L’objectif fixé dans l’Accord de Paris en 2015 – rester sous le seuil de 1,5°C d’augmentation des températures globales par rapport à l’ère préindustrielle – n’est d’ores et déjà plus atteignable. Au rythme d’émission actuel, ce seuil sera dépassé dans les 5 ans. C’est ce que nous apprenait une étude parue en juin 2025 [1]. Dix ans après la COP21, le constat est sans appel : les promesses climatiques ne seront pas tenues.
Dans le même temps, les gouvernements successifs surfent sur le « travailler plus ». En Belgique, le gouvernement Arizona, issu du scrutin de 2024, a autorisé le travail de nuit alors qu’il n’était auparavant permis que dans certains secteurs d’activité et augmenté les quotas d’heures supplémentaires. Comme décidé en 2014, l’âge légal de départ à la pension est passé à 66 ans en 2025 et sera de 67 ans en 2030. En France, l’âge de départ à la retraite est récemment passé à 64 ans. Quant à l’espérance de vie en bonne santé, en 2022, elle était de 63,7 ans en Belgique et de 64,4 ans en France (données Eurostat). Le Premier ministre français a récemment proposé de supprimer deux jours fériés et de « monétiser » une semaine de congés payés (que l’employeur pourrait « racheter » au travailleur).
L’humanité souffre d’un excès de production et de consommation, mais nos dirigeants nous expliquent qu’il faudrait travailler plus et plus longtemps, c’est-à-dire produire et donc consommer dans des proportions croissantes. Le mur se rapproche, mais nous accélérons. Ici, notre réflexion ira à contre-pied des propositions gouvernementales puisqu’il s’agit de s’interroger sur la centralité du travail dans nos sociétés. Autrement dit, nous demander si le travail, en tant que valeur sociale centrale et facteur de production de valeur économique, est une opportunité ou un obstacle pour résoudre la crise environnementale.

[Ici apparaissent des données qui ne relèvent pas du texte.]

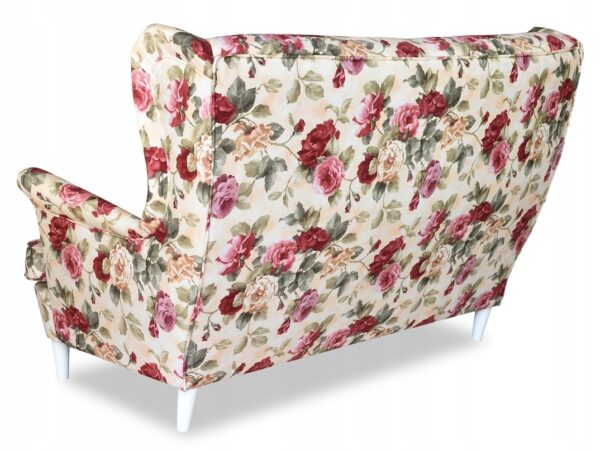 Zestaw wypoczynkowy mebli uszak Ari Print sofa fotele pufy komplet - obrazek 4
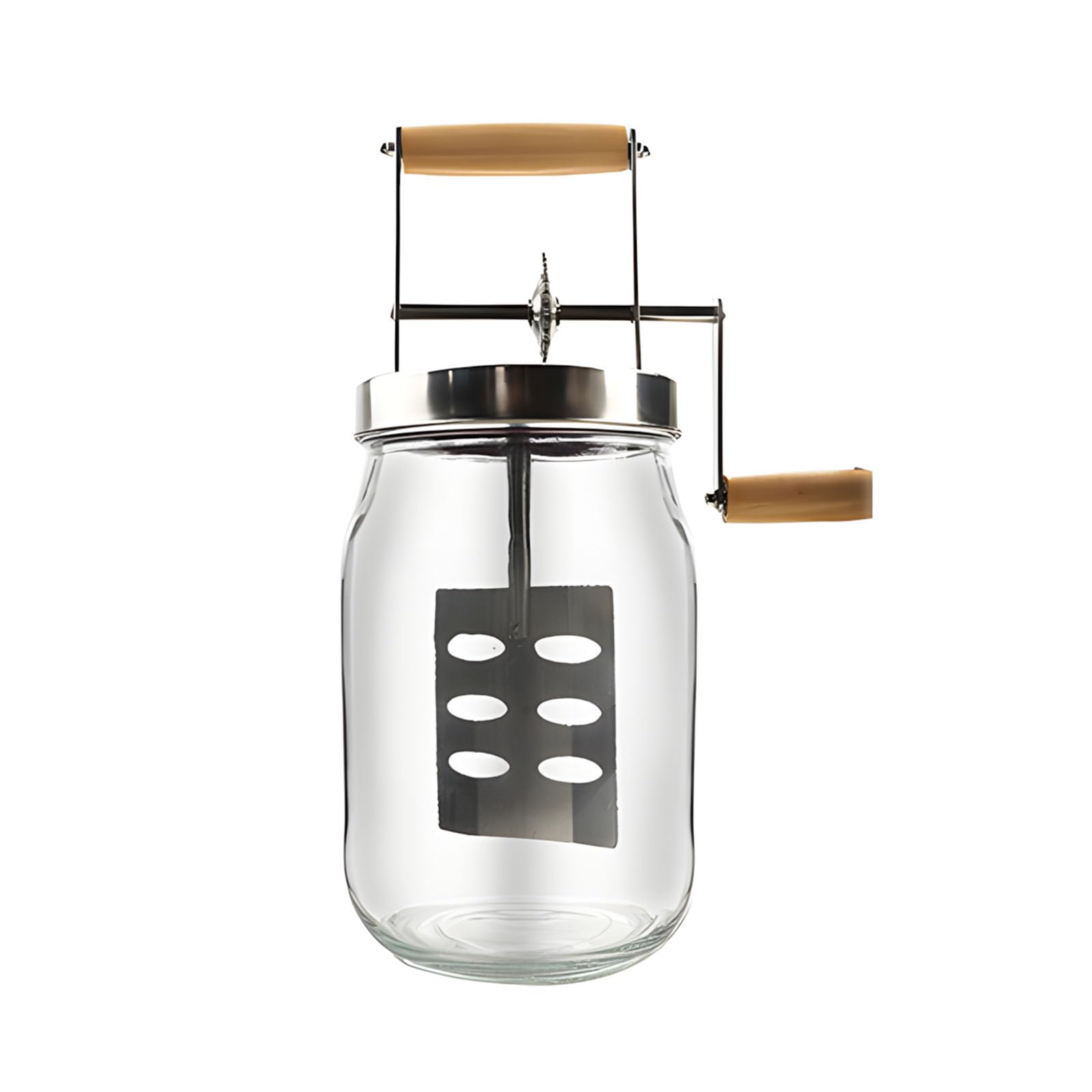 Shurhome Premium Glass Butter Maker with Strainer Top for Handcrafted and Dairy Combining 1500ml Capacity Kitchen Combiner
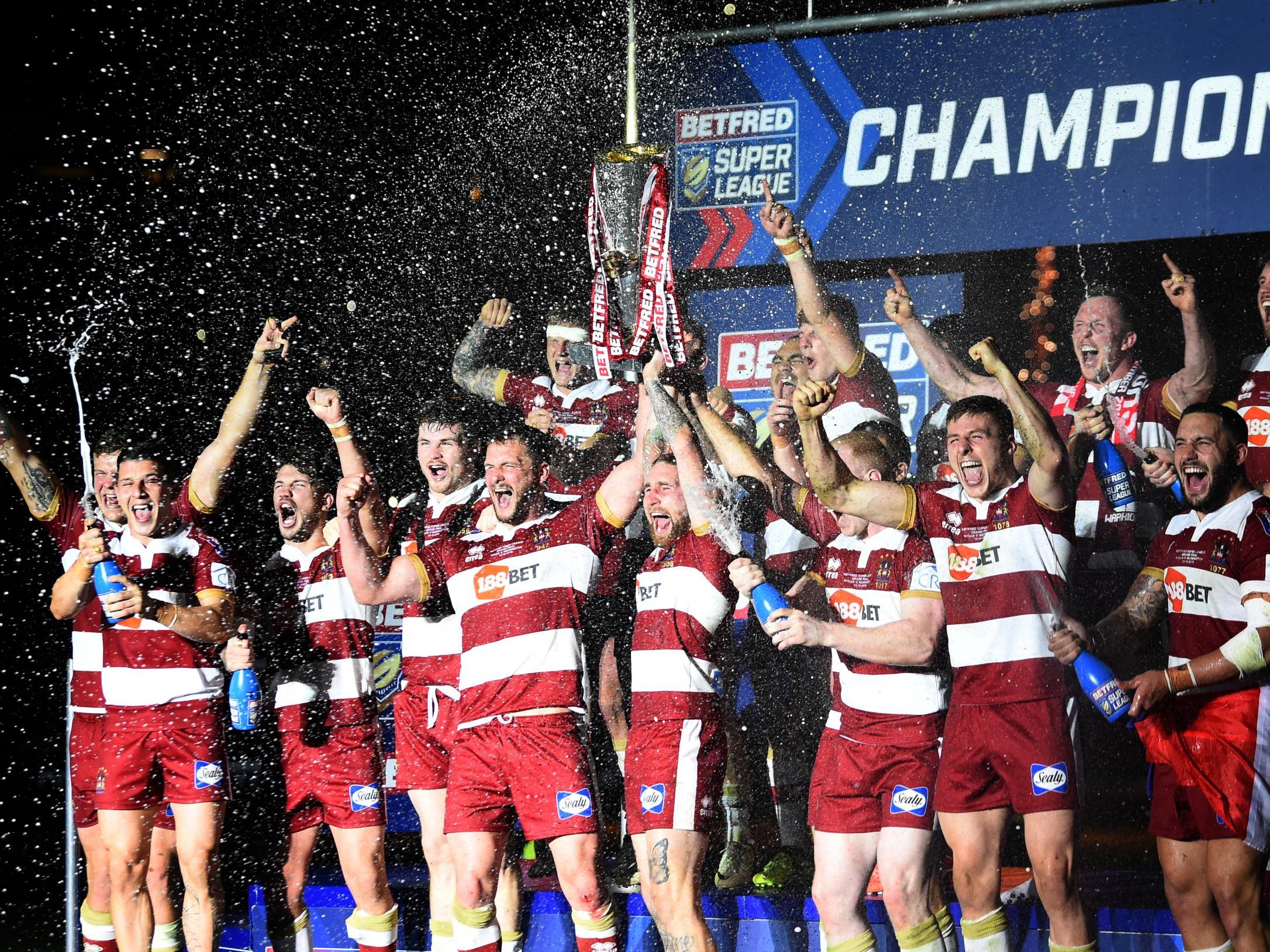 Wigan celebrated victory in the Grand Final late last year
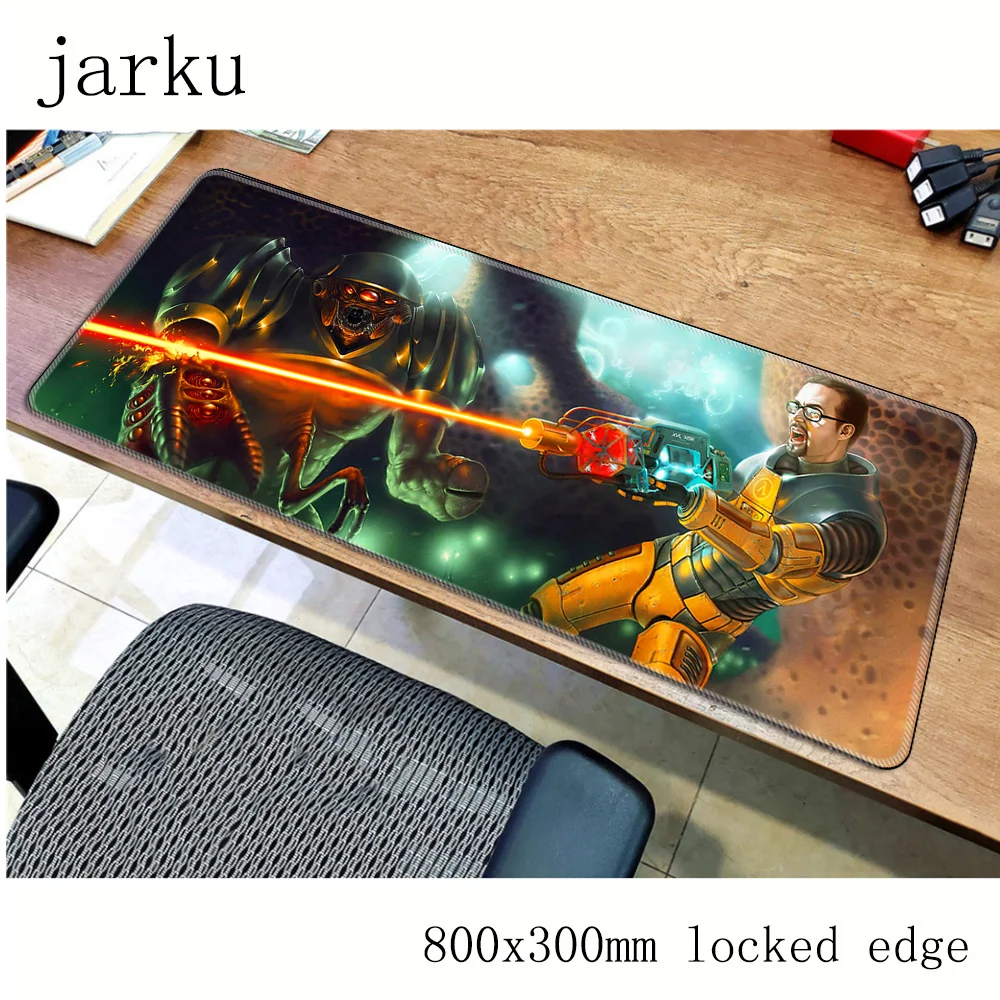 Коврик для мыши half life gamer 800x300X3MM игровой коврик большой HD принт ноутбук ПК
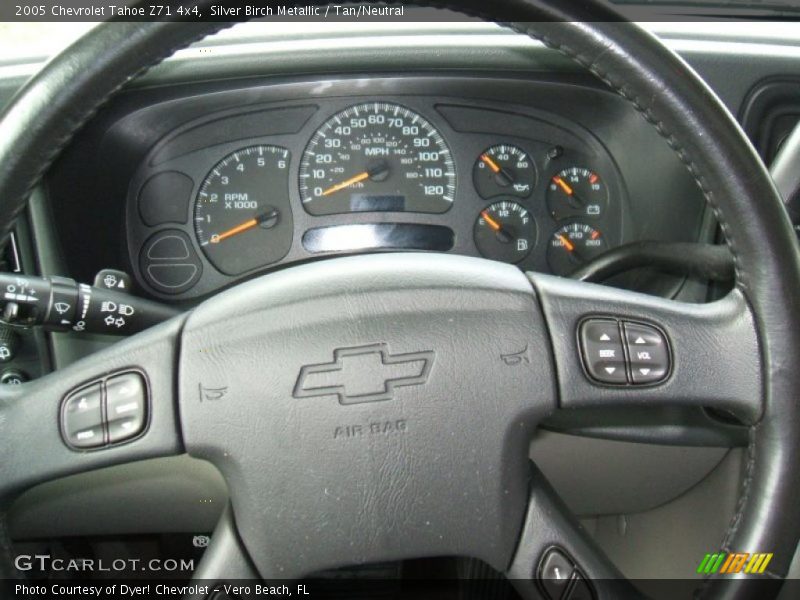 Silver Birch Metallic / Tan/Neutral 2005 Chevrolet Tahoe Z71 4x4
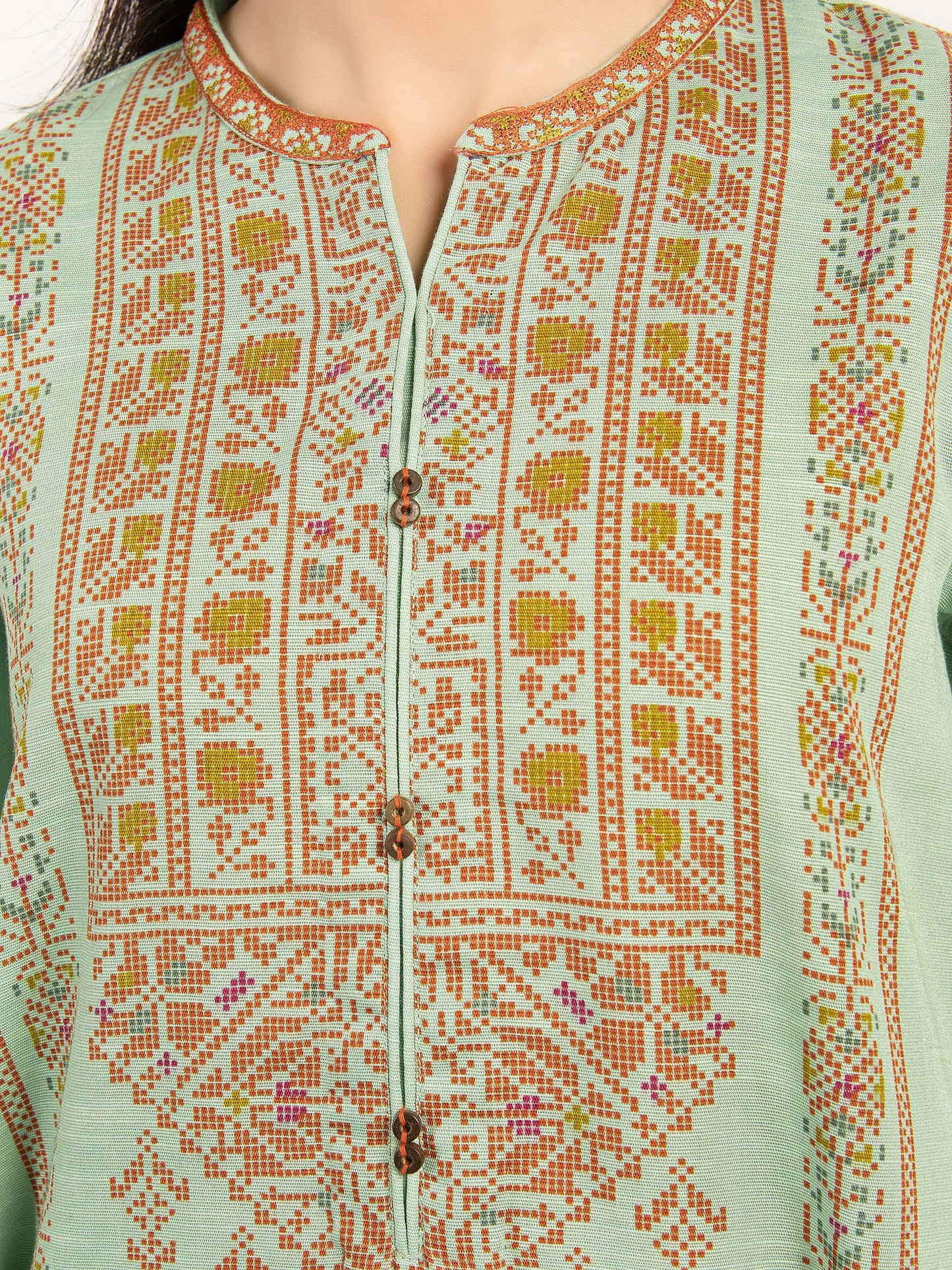 Embroidered Khaddar Suit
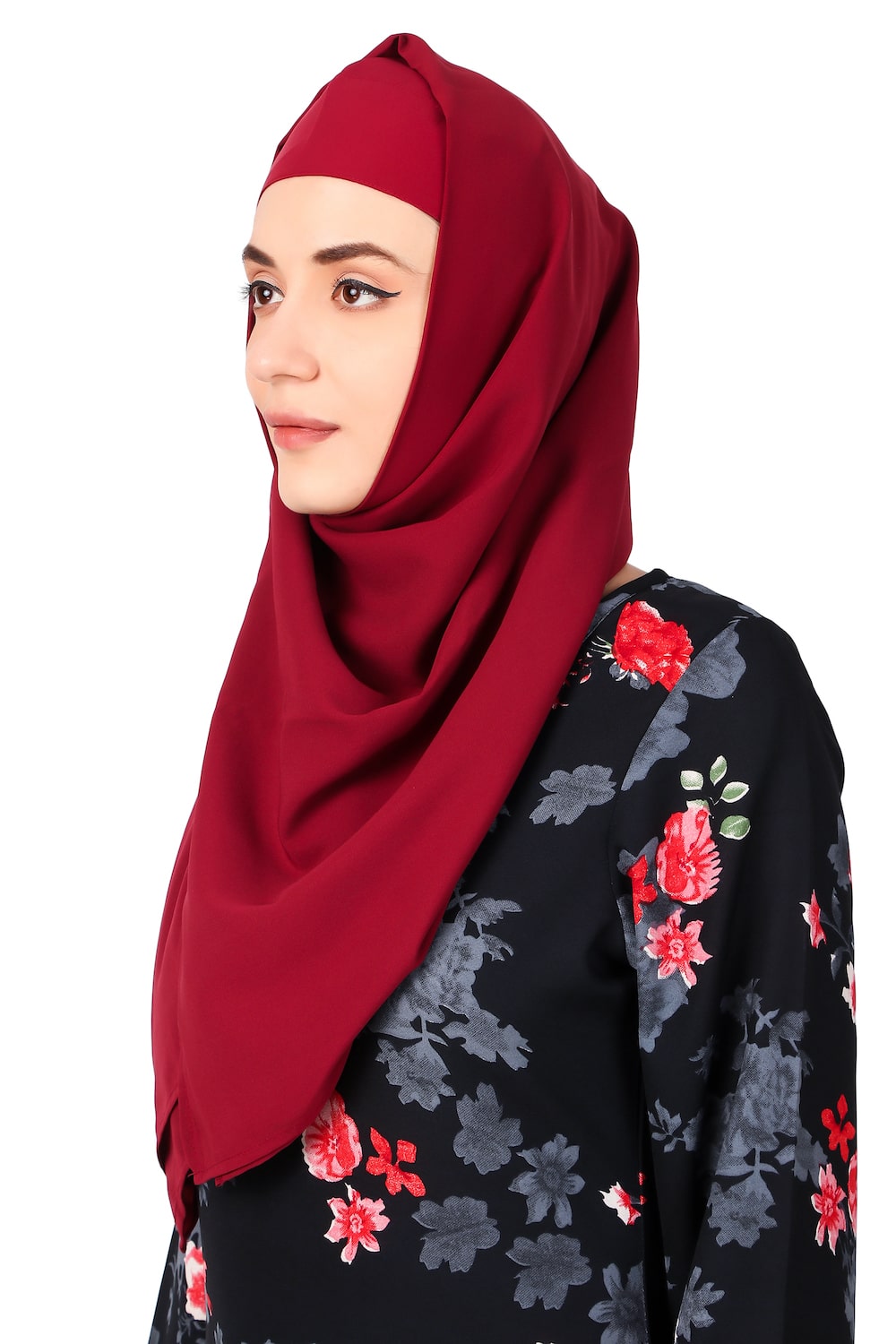 Printed Crepe Abaya AYP-479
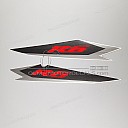 Heckverkleidung R6 Dekor, links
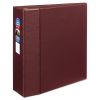 Heavy-Duty Non-View Binder with DuraHinge and Locking One Touch EZD Rings, 3 Rings, 4" Capacity, 11 x 8.5, Maroon1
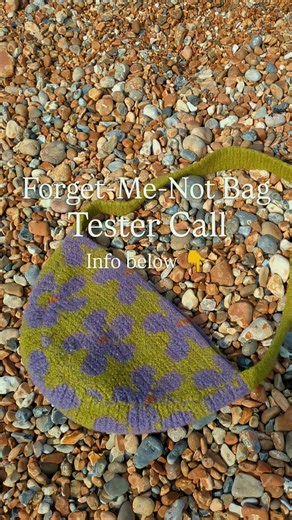 Forget Me Not Felted Crossbody Bag Pattern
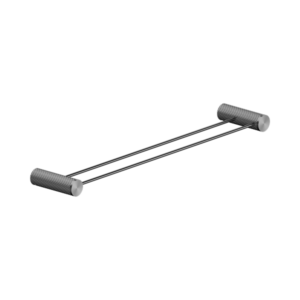 Nero Opal Double Towel Rail 600mm Graphite - NR2524dGR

Pour ce faire, nous avons choisi d’en passer par l’histoire. Dans la première (et la plus longue) partie de cette étude, nous tenterons de comprendre la manière dont le travail a été perçu par nos ancêtres. Le travail a-t-il toujours été central dans les sociétés du passé ? Si tel n’a pas été le cas, comment en est-on arrivé à la situation actuelle ? Et quelles critiques ont pu être formulées à l’égard de la centralité du travail au cours des deux derniers siècles ?
Si le terme de « travail » est intuitivement compris de tous, il en existe pourtant plusieurs définitions. Le Robert définit le travail comme l’ensemble des activités humaines organisées, coordonnées en vue de produire ce qui est utile. Une autre définition, plus étroite, liée aux sciences économiques ne considère comme du travail que l’activité rémunérée et formelle – excluant toutes les formes de travail domestique, d’entretien, de reproduction ainsi que tout le travail informel. Pour d’autres auteurs, le travail inclut le travail domestique et informel. Nous verrons que ces définitions contemporaines ne font pas grand sens pour une large partie de l’histoire, au moins jusqu’à la Renaissance. Le travail n’est pas une catégorie naturelle et transhistorique. Il relève d’une convention sociale en évolution permanente. À chaque période étudiée, nous essayerons de donner des éléments de contexte pour mieux cerner la manière de percevoir le travail – productif ou non – dans les différentes sociétés.
Notons d’emblée que le tableau proposé sera largement eurocentré, du fait des sources à disposition, et du défi colossal que constituerait la rédaction d’une histoire mondiale du travail et du temps de travail. L’objectif, sans prétendre à la moindre exhaustivité, étant de discuter de la manière dont les sociétés du passé ont pu se positionner face au travail et de prendre un peu de recul par rapport à la centralité sociale du travail promue par le banc patronal et la droite du spectre politique, mais aussi par une grande partie de la gauche politique et syndicale.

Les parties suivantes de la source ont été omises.